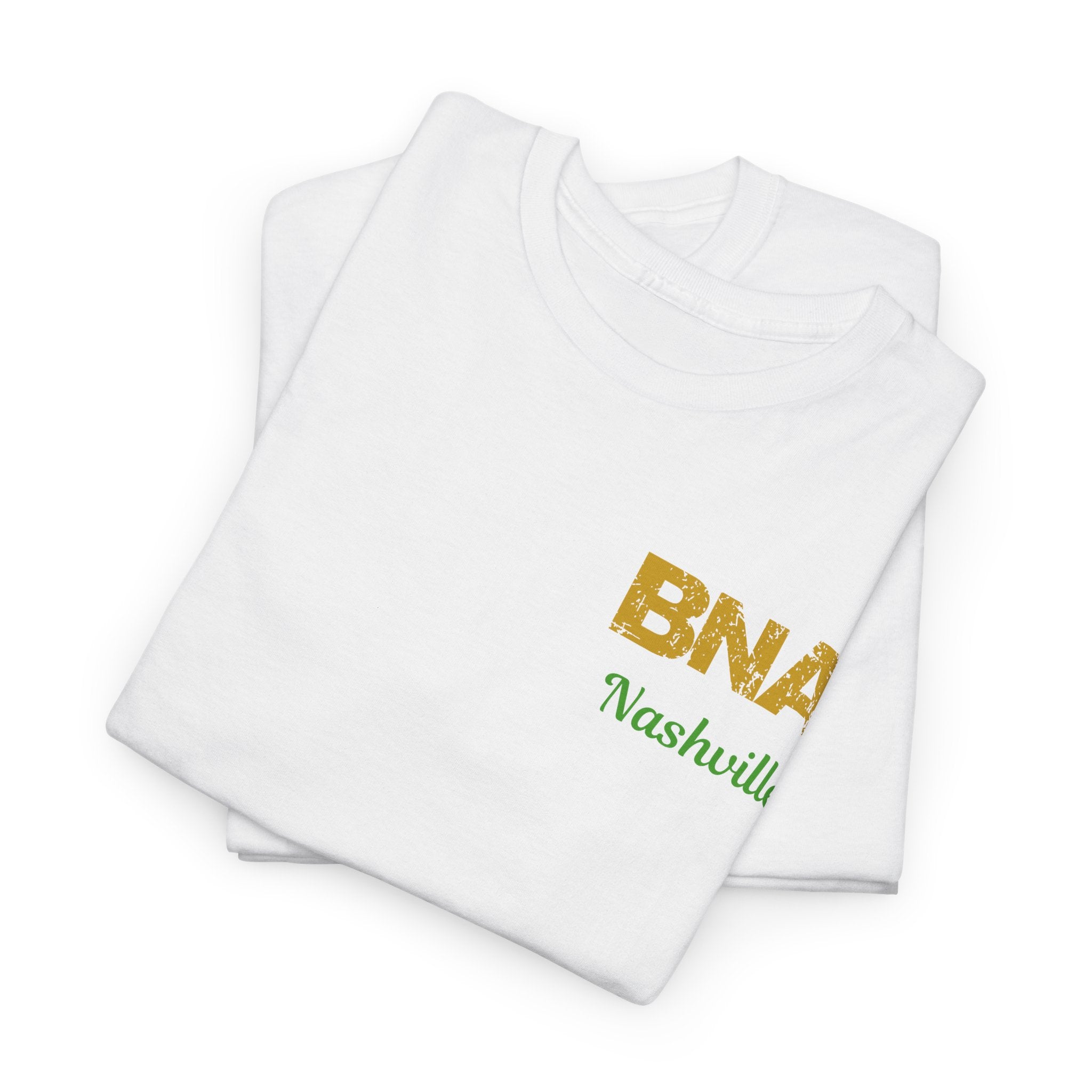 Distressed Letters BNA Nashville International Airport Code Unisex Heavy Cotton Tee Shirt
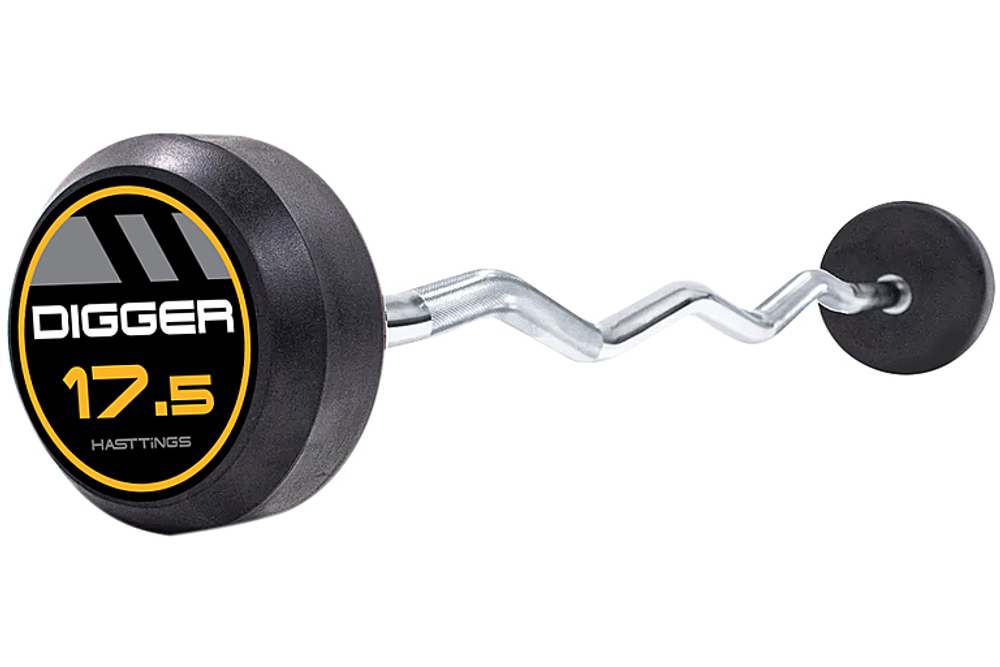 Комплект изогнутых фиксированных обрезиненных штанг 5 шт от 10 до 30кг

---

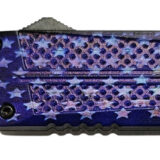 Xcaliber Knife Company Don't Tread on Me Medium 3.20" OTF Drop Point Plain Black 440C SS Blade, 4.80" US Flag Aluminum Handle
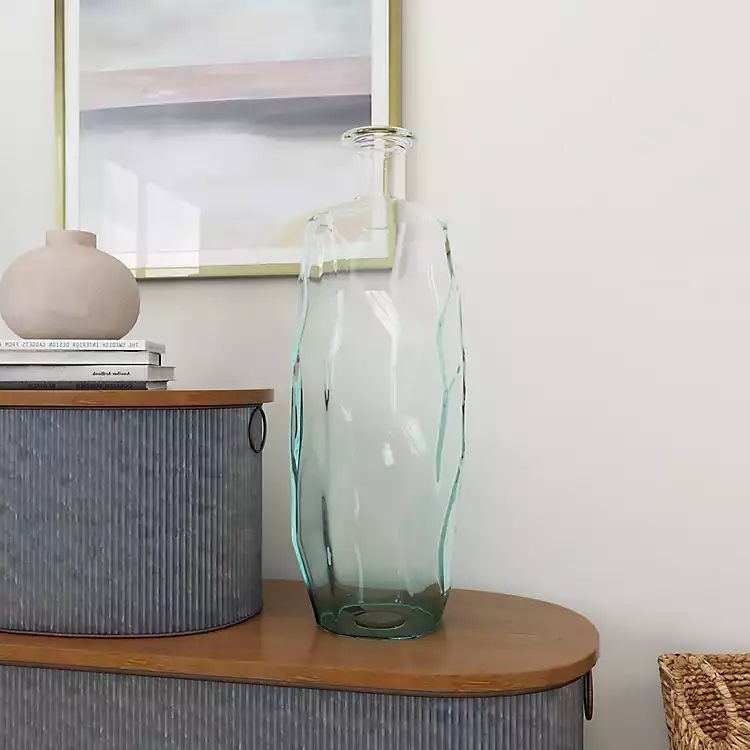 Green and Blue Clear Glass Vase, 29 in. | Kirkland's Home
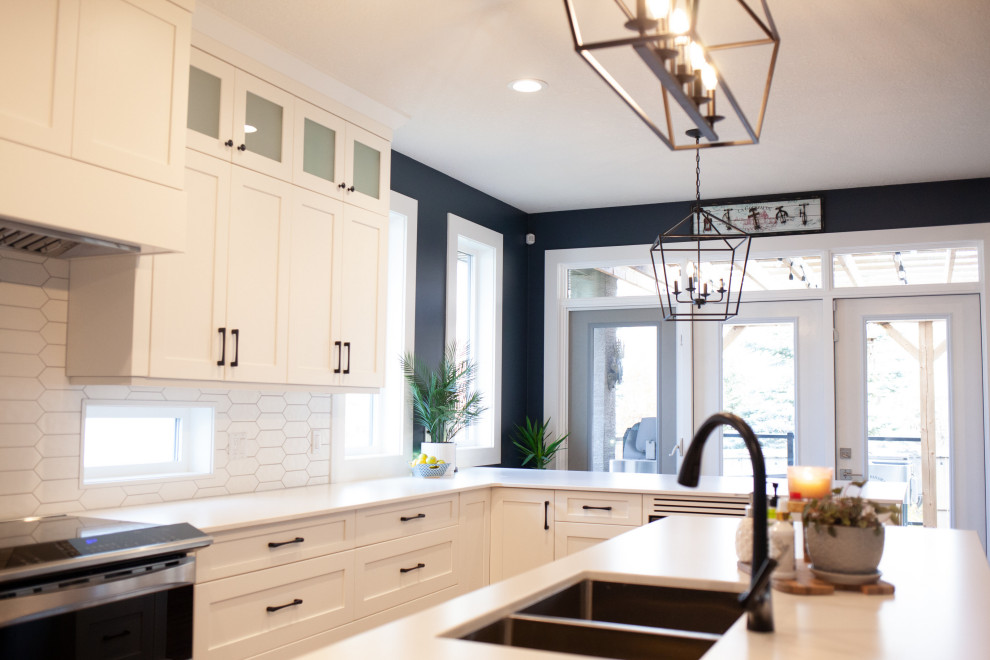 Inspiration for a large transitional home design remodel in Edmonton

--

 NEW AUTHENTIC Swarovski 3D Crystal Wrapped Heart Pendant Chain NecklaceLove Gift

=== YOUR GOAL ===
Please print the lines above word for word, starting at the one with "Green and Blue" and ending at the one with "Inspiration for a", both included, and without any picture.

=== REPLY ===
 Green and Blue Clear Glass Vase, 29 in. | Kirkland's Home
 Inspiration for a large transitional home design remodel in Edmonton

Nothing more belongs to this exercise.